Common misconceptions and edge cases
- "The spot needs a special disk." Any reasonably round opaque object works — a ball bearing, a coin, a dot on glass. The disk doesn't focus light like a lens; the geometry of its edge does the work.
- "It's only as bright as a tiny bit of leaked light." In the ideal case the on-axis intensity equals the full unobstructed beam. It can be genuinely bright, not a faint glimmer.
- "A bigger disk gives a brighter spot." The opposite. A larger disk needs a rounder, smoother edge to maintain the equidistant ring, and pushes you to large Fresnel number where the spot is fragile and dim relative to the wider, darker shadow.
- "Roughness destroys it completely." The spot is famously robust to small irregularities — that's part of why Arago saw it so readily. It only fades when edge bumps approach a Fresnel-zone width.
- "It's a light-only effect." It is a wave effect, demonstrated with sound, water, microwaves, electrons, neutrons, and molecules. Anything that diffracts produces it.
- "The spot is at the center of the disk." It's at the center of the shadow, on the screen behind the disk — on the symmetry axis, where every edge point is equidistant. Off-axis it fades quickly — over a transverse scale of order λ·b/R (the spot radius), the rim points lose their equal path and the phases scramble.

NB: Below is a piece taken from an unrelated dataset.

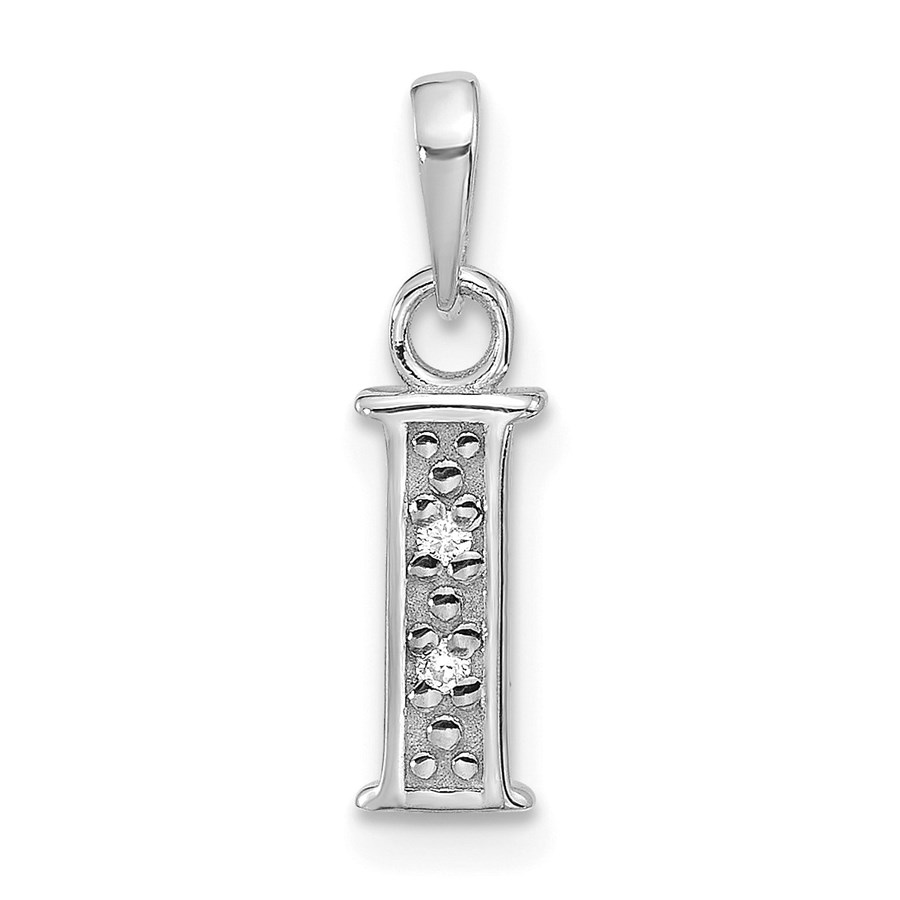 14K White Gold Diamond Letter I Initial Pendant - 18.5 mm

Frequently asked questions
Why is there a bright spot in the middle of a disk's shadow?
Every point on the disk's circular edge is exactly the same distance from the point on the axis directly behind the disk. By the Huygens–Fresnel principle, each edge point re-radiates a secondary wavelet; because they all travel an equal path to the axis, they arrive perfectly in phase and add constructively. That coherent ring of diffracted light produces a bright point — Poisson's spot — at the geometric center of the shadow.

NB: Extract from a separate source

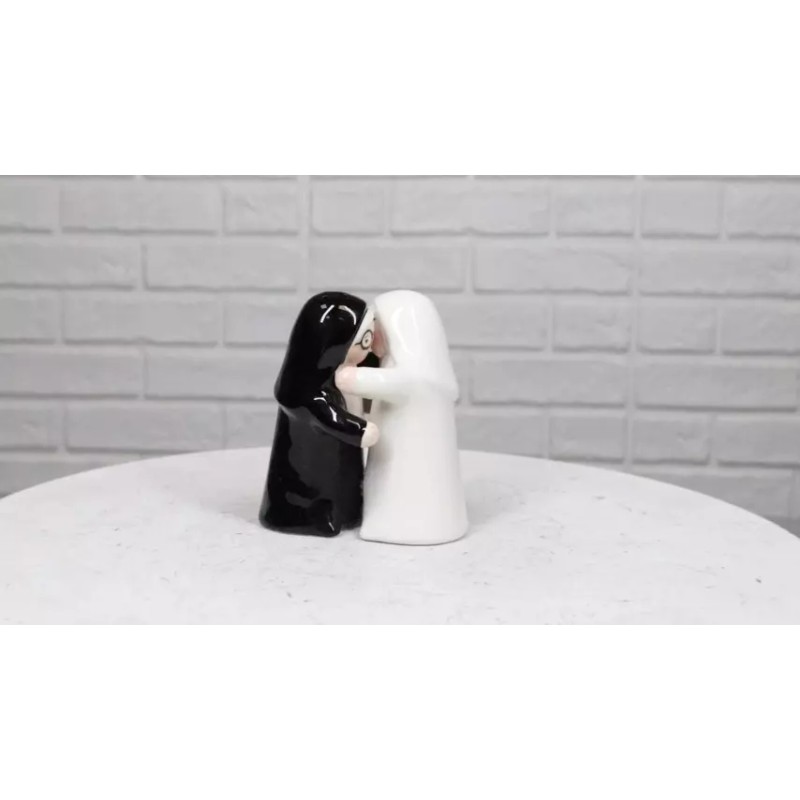 Ebros Gift Black And White Dressed Dancing Nuns Cute Ceramic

Who actually predicted and discovered the Arago spot?
In 1818 Siméon Denis Poisson, a committee member judging Fresnel's wave theory of light, derived the bright spot as a supposedly absurd consequence meant to refute the theory. François Arago then performed the experiment and saw the spot, confirming Fresnel was right. The effect had in fact been observed earlier by Delisle and Maraldi in the 1720s, but it is named for the two men in the 1818 dispute.

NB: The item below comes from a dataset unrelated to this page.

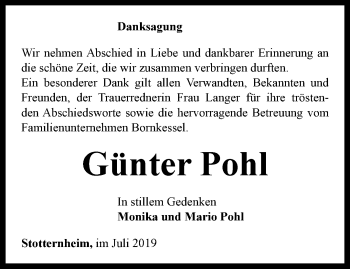 Traueranzeige von Günter Pohl von Thüringer Allgemeine, Thüringische Landeszeitung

How bright is Poisson's spot?
In the idealized case — a perfectly circular, opaque disk lit by a monochromatic point source — the on-axis intensity equals the intensity that would be there with no disk at all. The shadow's center is just as bright as the open beam. Real disks fall short because finite source size, rough edges, and the inverse dependence on disk radius all reduce the spot's contrast.
What conditions do you need to see the Arago spot?
You need a coherent, effectively point-like source (a laser or a pinhole-filtered lamp), a smooth circular obstacle, and enough distance for diffraction to develop — quantified by a small Fresnel number, roughly N = R² / (λ·b) of order one or below. The disk's edge must be circular to within a fraction of a Fresnel zone; jagged edges smear the equidistant ring and wash the spot out.
Does the spot only happen with light?
No — it is a generic wave effect. Arago spots have been demonstrated with sound waves, water waves, microwaves, and matter waves. In 2009 researchers observed a Poisson spot for beams of deuterium molecules, and electron and neutron versions exist, confirming that the de Broglie matter wave diffracts around an obstacle exactly as light does.
Why does a rough or non-circular disk kill the spot?
The spot relies on every edge point being equidistant from the axis so the wavelets add in phase. If the edge has bumps comparable to a Fresnel zone width, different edge points contribute different phases and the coherent sum collapses. This is also why a slightly off-round disk still works — the spot is famously robust to small irregularities, which is exactly why it makes such a good null test for alignment.